## Problem details
Report the count of lines in the listing below that include the string "image", with no other text.

## Material for this exercise
_ _ _
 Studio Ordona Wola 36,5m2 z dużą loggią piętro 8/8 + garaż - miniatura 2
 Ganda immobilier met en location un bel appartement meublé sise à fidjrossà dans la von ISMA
_ _ _
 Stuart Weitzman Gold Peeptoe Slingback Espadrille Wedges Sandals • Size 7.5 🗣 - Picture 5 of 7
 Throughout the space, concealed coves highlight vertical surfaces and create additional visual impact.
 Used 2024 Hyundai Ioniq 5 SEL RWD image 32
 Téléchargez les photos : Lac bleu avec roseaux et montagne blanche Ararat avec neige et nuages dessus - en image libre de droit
_ _ _
## Your solution
2